BlackMagic are working on a fix. Roll on, firmware 1.2. Roll on, an output for the DISP button which does FA at the moment.
- “You’re the only one who has this problem.” OMG that’s what Éclair said when my ACL jammed film in humid Majorca. That’s what Ampex said when they delivered my 1” VPR1s. That’s what CMX said when I complained about their editing system not understanding the PAL 8 field color sequence. That’s what Markus said when I sued them as their studio doors didn’t meet specs. “You’re the only one who has this problem.” Is it me?
BACK TO ADAM’S EMAIL:
AW: The Shuttle’s low price comes with a price, as it were, and it’s important to show that.
“Faster, better, cheaper” is the eternal triangle of antagonists; with the Shuttle, “faster” takes the hit: the ritualized startup sequence, the lack of proper monitoring, the need for ancillary equipment. That’s the price you pay for getting the “cheaper” of $327 and the “better” of uncompressed.
Some will say that’s too much of a sacrifice and go for the more polished and production-friendly Gemini. But it costs $5,700 more!

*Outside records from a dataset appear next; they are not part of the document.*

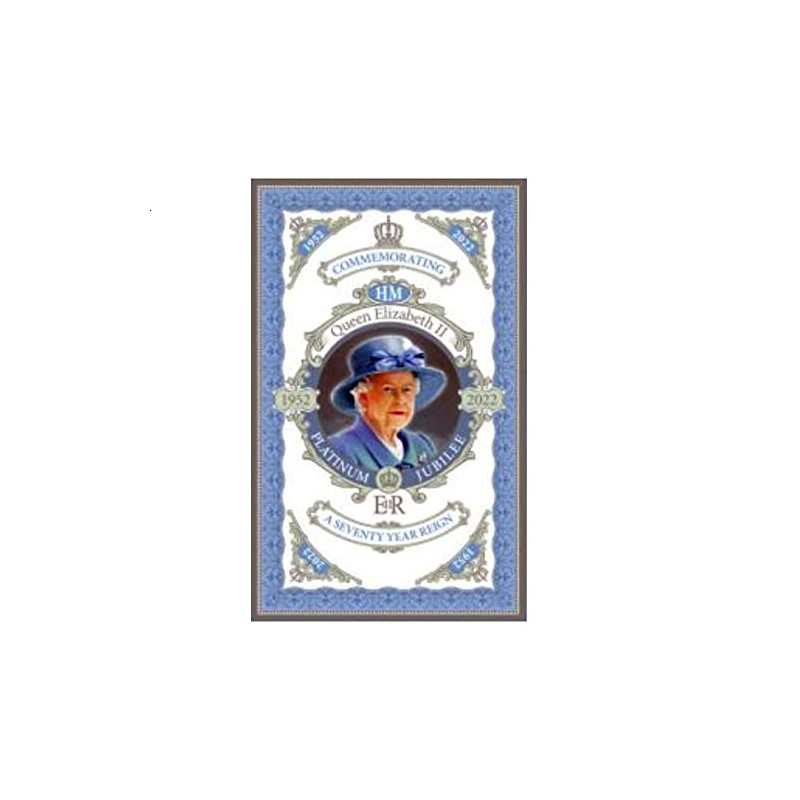 Platinum Jubilee Tea Towel Commemorative Memorabilia Queen Elizabeth Souvenirs Gift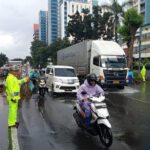 Banjir 15 Cm di Jl DI Panjaitan Jakarta Timur Surut, Lalu Lintas Arah Cempaka Putih Padat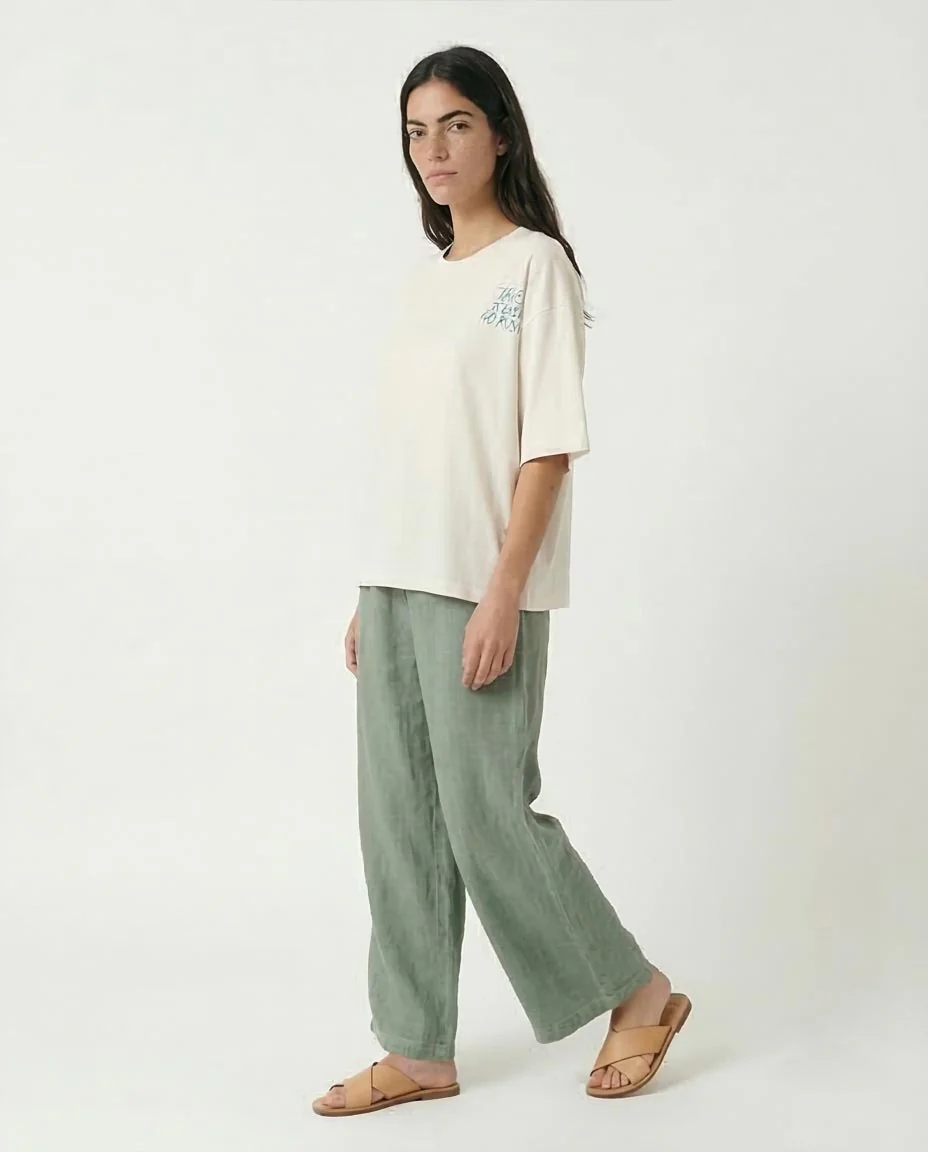 Ravin Oversized Graphic T-Shirt | "Take It Easy" Collection - White - R206579 - Image 5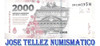 Billete Argentina $ 2000 Capicua Sin Circular Palermo 0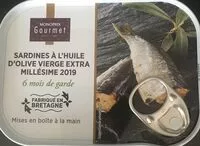 Mängden socker i Sardines a l'huile d'olive vierge extra millesime 2019
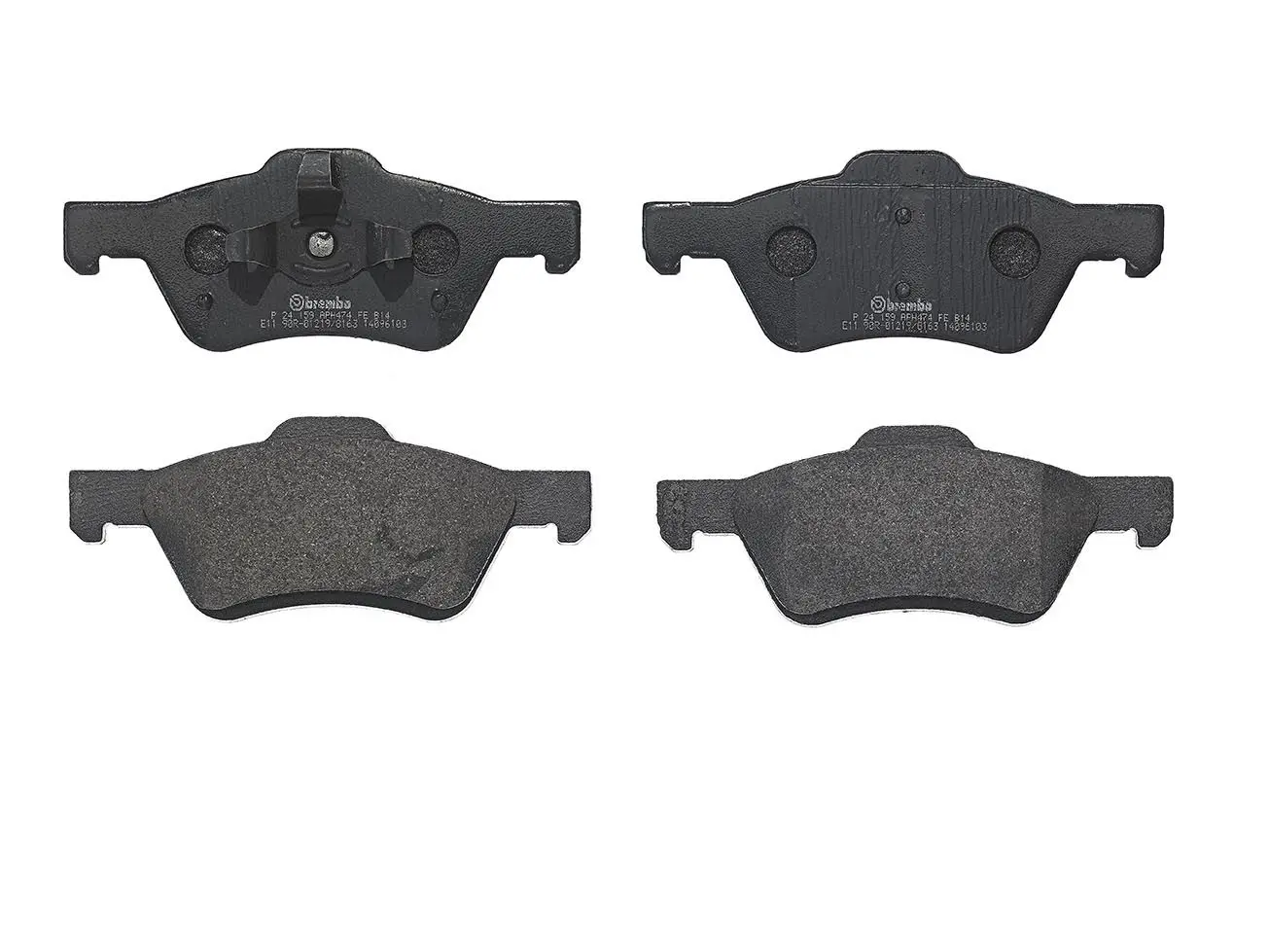 BREMBO Sada brzdových destiček, kotoučová brzda P24159
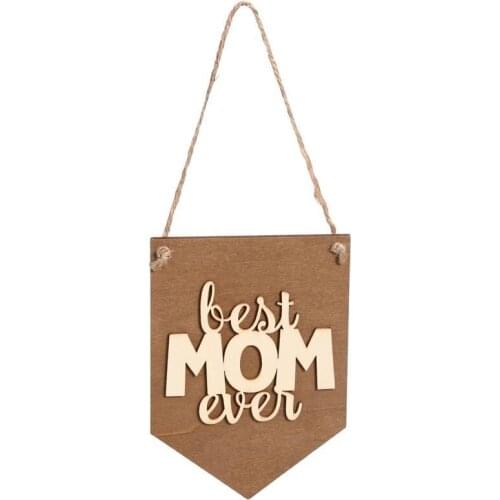Best MOM Ever Wood Sign Mothers Day Gift Home Decor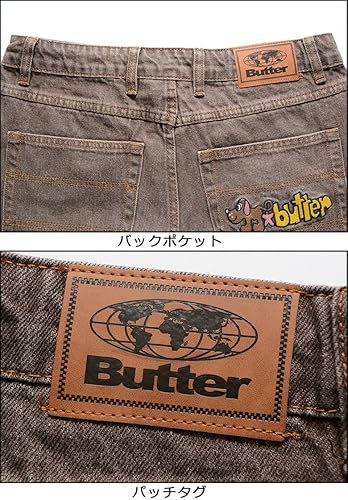 32 ブラウン Butter goods デニム バターグッズ ジーンズ Butter Goods BUTTER GOODS Bronco Denim Jeans Brown Tint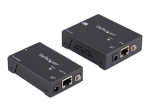 StarTech.com 330 ft. (100 m) HDMI Over Cat6 Extender - HDMI over CAT5 - HDBaseT Extender - 4K30 - HDMI Video Extender (ST121HDBTPW) Video/audio eks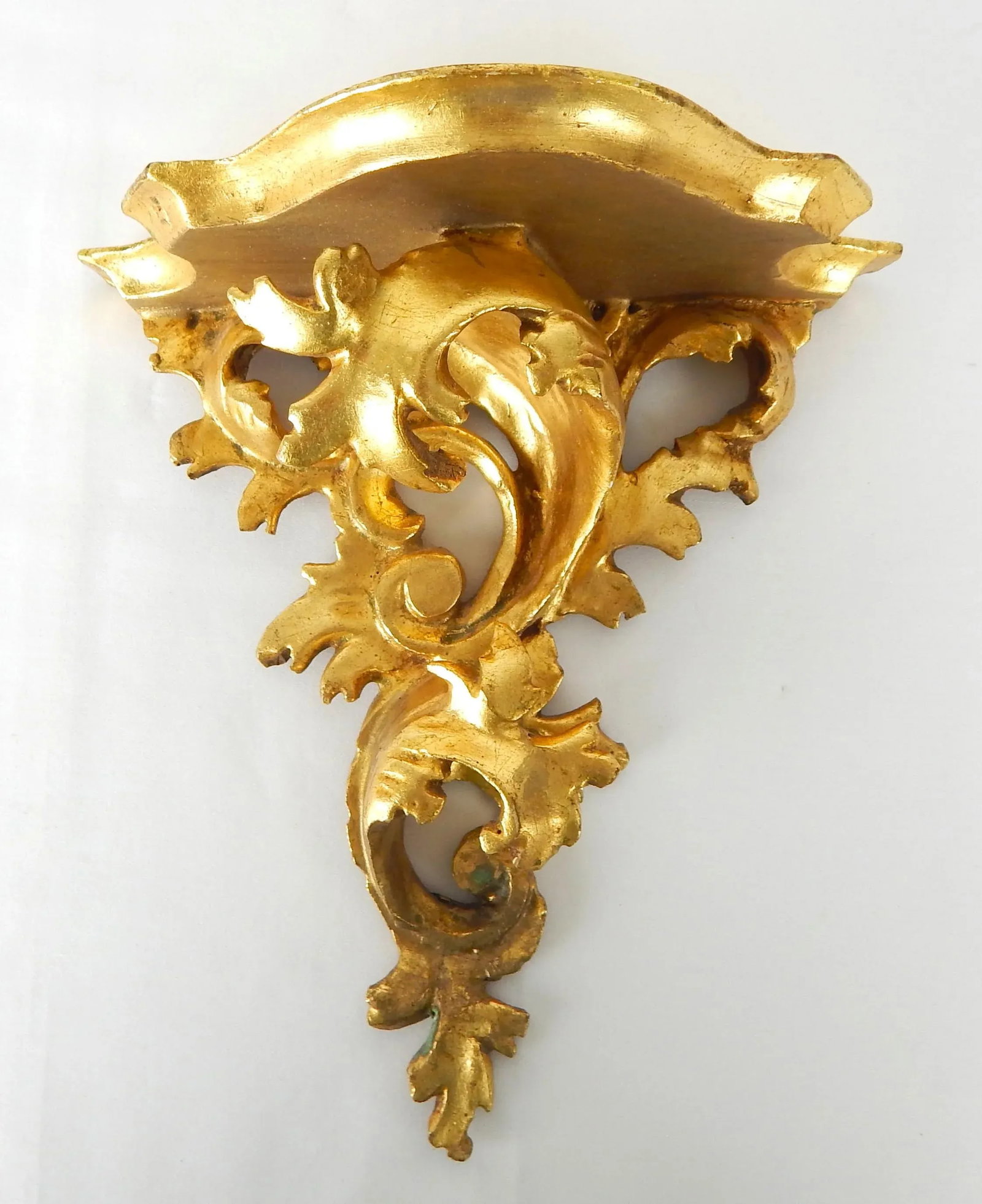 Mid 20th Century Florentine Giltwood Rococo Brackets- a Pair - 9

That’s the price to be paid: no more “cheaper”; even if by the standards of a couple of years ago it’s still an incredible bargain.
For the cash-strapped indie with a crew of two and VFX stars in his eyes, the Hyperdeck Shuttle enables what would otherwise be financially impossible. For the time-starved commercial production company with expensive union bodies on the clock and a cranky client in video village, $6,000 is a pittance to be paid for the smoother workflow the Gemini provides.
Horses for courses, that’s all.
SS: Wow Adam you’re good! Thanks.
AW: Any more questions?
SS: Just one. Why can’t a video camera be more like a violin?